People say “Yes. No” as a reply. I’ve heard it many times. For example, one man says,

I accepted Jesus Christ as my Lord and personal savior yesterday.

And the other replies,

Yeah. No, I saw that.

Can someone explain to me the meaning of "Yes. No"?


2 Answers 2


Especially pronounced yeah, no, this answer is

an agreement; the “yeah” functions as affirmation, while the “no” could be replaced by the phrase “don’t worry.” (Wikipedia)

The no can actually be interpreted also as, I get you, really, I do believe you, depending on context.

In a post on OUPblog, Professor Edwin L. Battistella (Southern Oregon University in Ashland) says:

“Yeah no” is what linguists call a discourse marker. Discourse markers are usually short and sometime vague-seeming parts of a sentence which serve semantic, expressive, and practical functions in speech. They can indicate assent or dissent (or sometimes both). They can indicate attention, sarcasm, hedging, self-effacement, or face-saving.

LanguageHat quotes Professor Kate Burridge from Monash University, Australia, giving a more systematic classification of uses:

Professor Burridge says the phrase falls into three main categories, each determined by context. The literal agrees before adding another point, the abstract defuses a comment and the textual lets the speaker go back to an earlier point.

Sarah Grieves lists 8 ways you can use the phrase, giving examples from The Spoken British National Corpus

Agreeing, Disagreeing, Partially disagreeing, Showing you’re listening, Introducing a new idea, Showing enthusiasm/emphasising, Hedging/hesitation, Clarifying (Cambridge.org)

This is spoken language, so the use of the expression will be very flexible, with a meaning sometimes not clear to the speaker himself. I personally use it sometimes, for example, to express that not everything is black or white, yes or no.

If you want to read more about it, there is plenty on this post from the LanguageLog.

Addition: I found an article about Yeah, no on Grammarphobia and I can't resist quoting it here:

Even presidents of the United States aren’t immune. When a radio interviewer in 2011 asked Bill Clinton how he felt about being spoofed on TV comedy shows, Ben Yagoda writes,

The former president replied, ‘Oh yeah, no I thought a lot of the Saturday Night Live guys were great.’ ”
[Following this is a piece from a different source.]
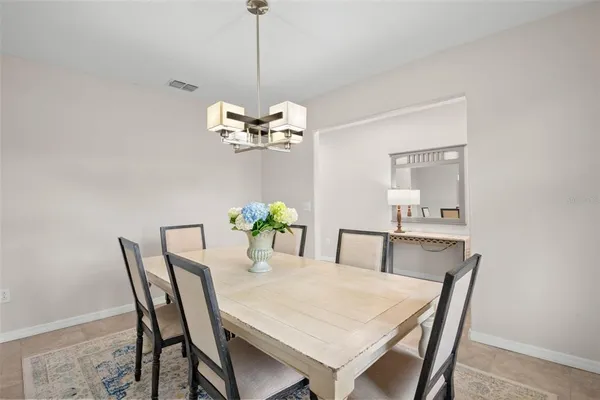 a view of a dining room with a table and chairs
Among other examples, the same article gives an example of the phrase being used to express agreement:

The lexicographer Jonathan Lighter quoted a former New York City police detective as saying on CNN:

Yeah, no, you’re right!

Lighter added:

There it seems to mean, ‘Yes indeed, and no, I wouldn’t think of contradicting you.’

  • 1
    I've always interpreted "Yeah no" as meaning "no" rather than "yes"; is this a regional difference? I understand it as: "yeah, I hear you, but my answer is no."
    – alphabet
    Commented Feb 9, 2023 at 3:27
  • @alphabet Could be. It's a very versatile discourse marker. It also feels very natural for me to say, "yeah, no", meaning, "I am with you on this one, do not interpret my words as I am not"...
    – fev
    Commented Feb 9, 2023 at 8:58
  • 1
    Brilliant research. But the only suitable answer to 'Can someone explain to me the meaning of "Yes. No"?' seems to be '"Yes. No'. Commented Feb 9, 2023 at 12:29
  • @EdwinAshworth I would say the answer is rather, "Whatever you want it to mean"...
    – fev
    Commented Feb 9, 2023 at 12:31
  • 1
    I think the meaning is almost completely determined by context, and what follows after "yes, no". It's not uncommon for "yes" to mean "that's a good question" or "I'm listening to you", to be followed by an answer in the negative. And you could even say "yes, no, yes", but that would probably indicate a certain amount of indecision or hedging.
    – Stuart F
    Commented Feb 9, 2023 at 13:54

It is quite common for responses in English, at least in American English, to contain an affirmative and a negative together. Example:

A. There's a concert in the park tonight. Do you want to go?
B. Yeah, no. I'm too tired.

In such an example, the first word is not really an assent or a confirmation. It is instead a way of saying, "Yes, I understand the situation." The subsequent negation asserts the negative polarity, rejecting the proposal.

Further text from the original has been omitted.